:: Problem statement ::
In the entries below, begin at the line with "Javítófesték Ford Panther" and stop after the line with "Mercedes Ml270 4matic, снимка"; output those lines exactly and omit the pictures.

:: Data for analysis ::
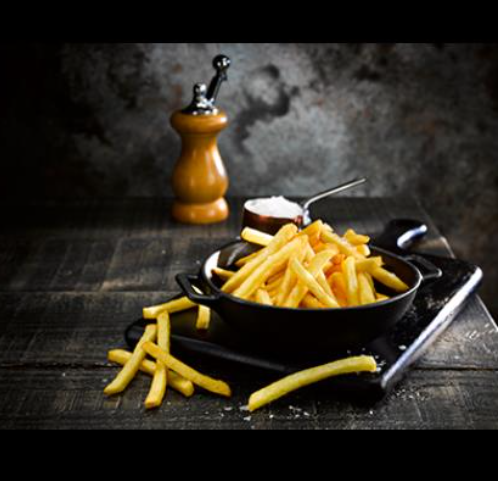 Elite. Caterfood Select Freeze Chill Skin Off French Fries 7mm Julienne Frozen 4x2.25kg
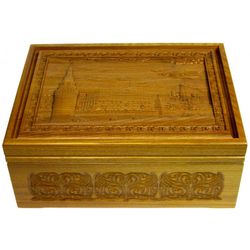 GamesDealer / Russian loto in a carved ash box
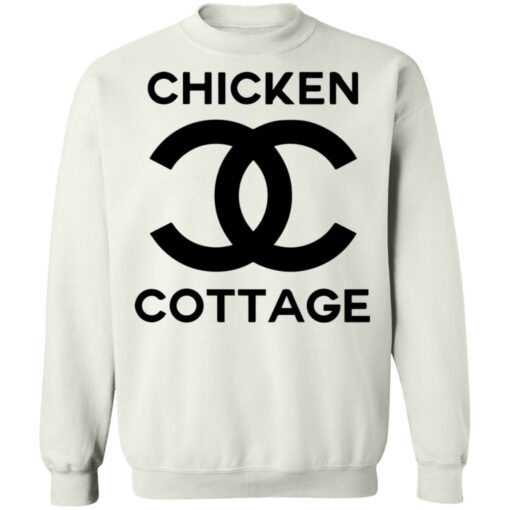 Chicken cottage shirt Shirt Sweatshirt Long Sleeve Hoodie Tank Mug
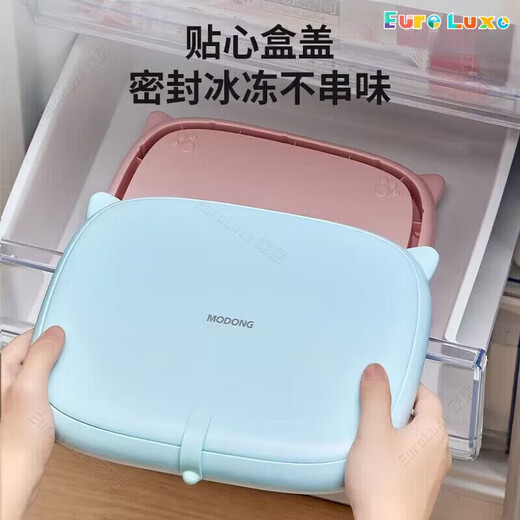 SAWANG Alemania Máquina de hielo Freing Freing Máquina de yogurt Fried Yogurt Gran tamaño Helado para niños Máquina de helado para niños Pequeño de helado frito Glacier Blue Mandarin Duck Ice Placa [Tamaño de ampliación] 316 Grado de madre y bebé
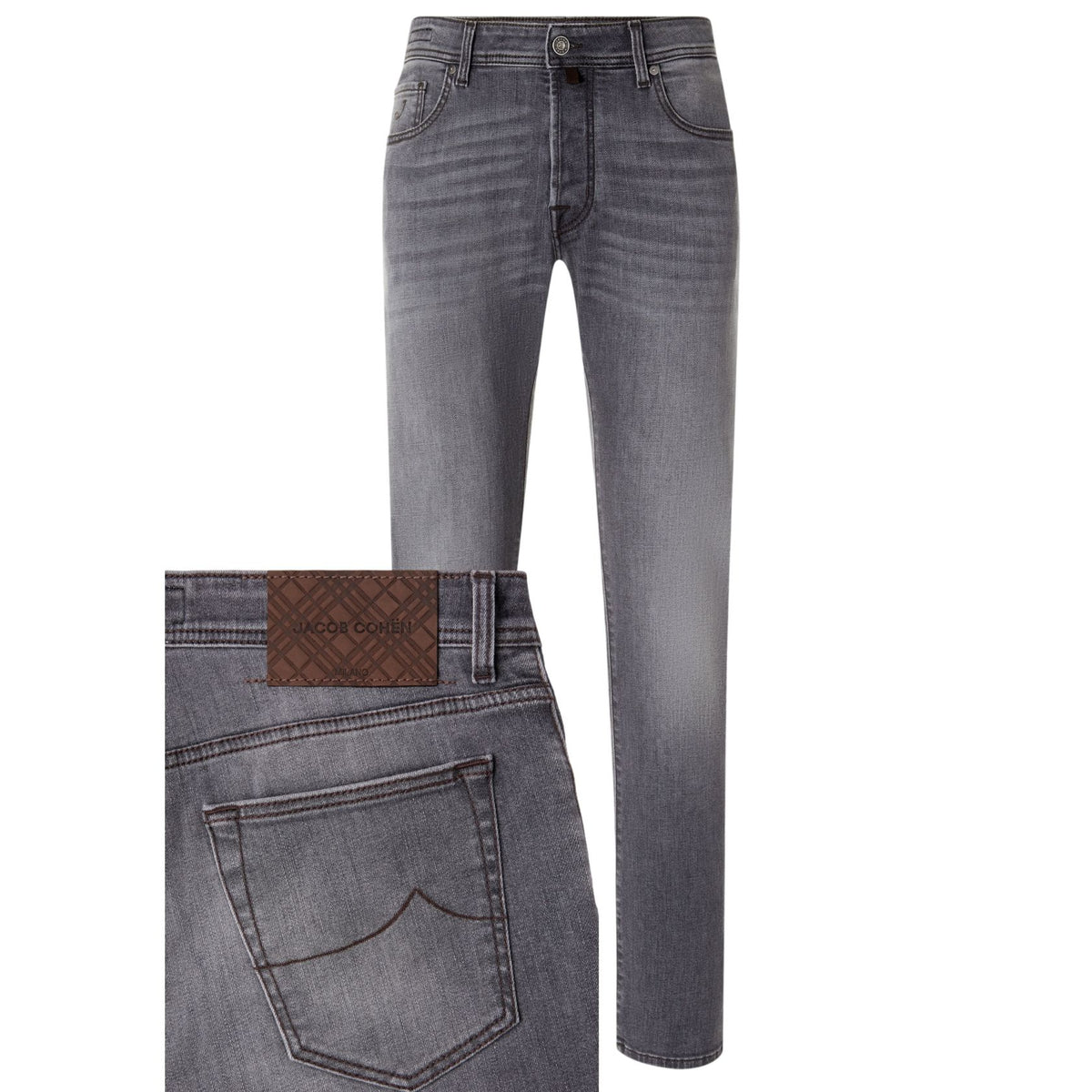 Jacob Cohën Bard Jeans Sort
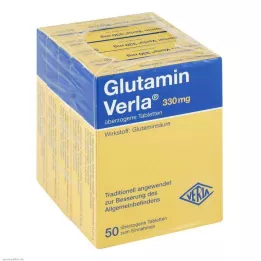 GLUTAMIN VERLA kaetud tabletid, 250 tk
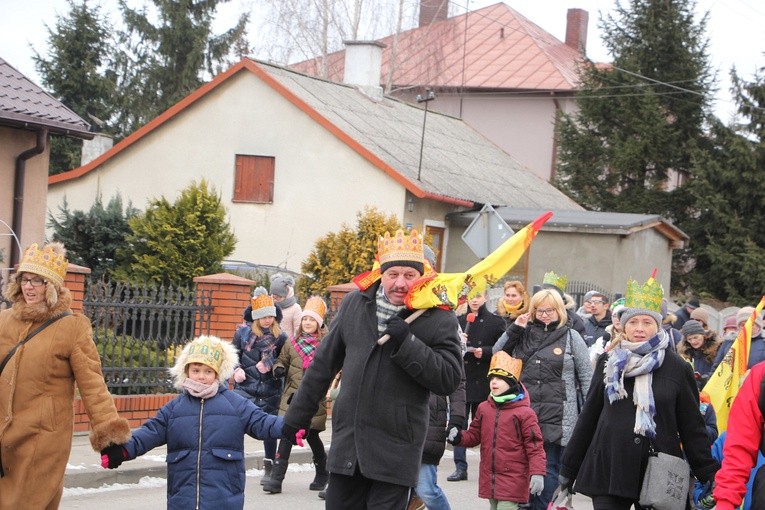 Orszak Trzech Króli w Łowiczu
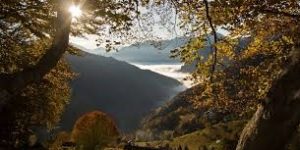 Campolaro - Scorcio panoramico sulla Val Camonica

* * *

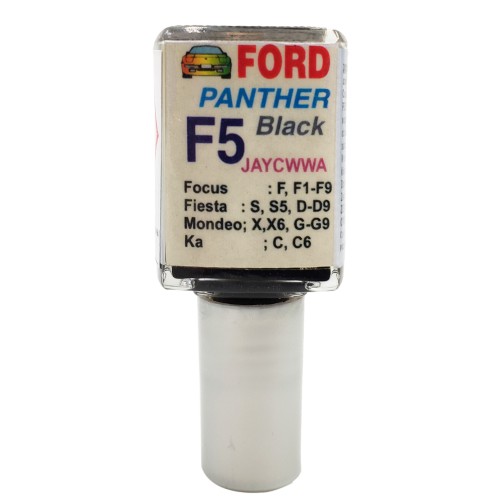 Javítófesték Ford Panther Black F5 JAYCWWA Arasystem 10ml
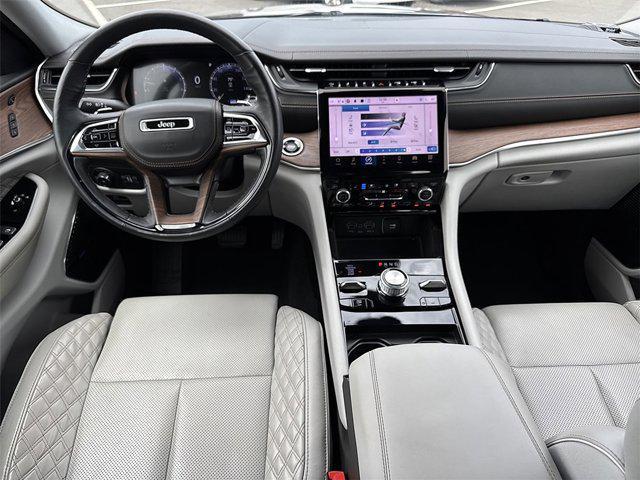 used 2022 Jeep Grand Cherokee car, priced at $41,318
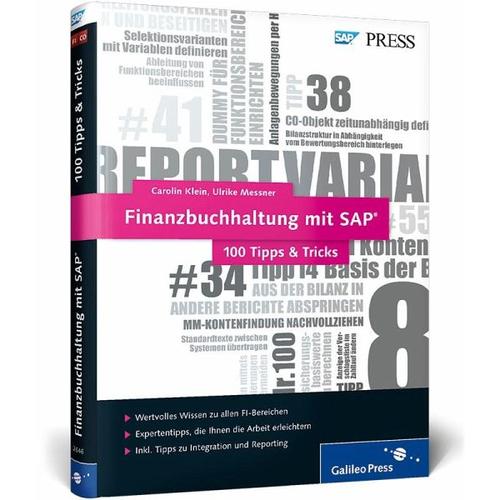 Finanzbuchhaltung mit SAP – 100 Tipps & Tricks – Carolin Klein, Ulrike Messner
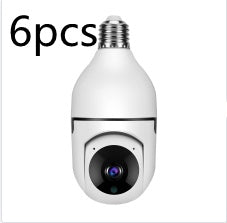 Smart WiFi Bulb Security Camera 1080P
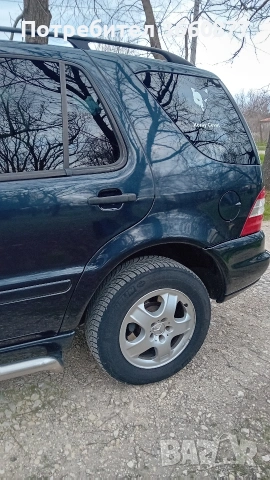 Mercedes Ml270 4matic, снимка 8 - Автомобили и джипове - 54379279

:: Response area ::
 Javítófesték Ford Panther Black F5 JAYCWWA Arasystem 10ml
 used 2022 Jeep Grand Cherokee car, priced at $41,318
 Finanzbuchhaltung mit SAP – 100 Tipps & Tricks – Carolin Klein, Ulrike Messner
 Smart WiFi Bulb Security Camera 1080P
 Mercedes Ml270 4matic, снимка 8 - Автомобили и джипове - 54379279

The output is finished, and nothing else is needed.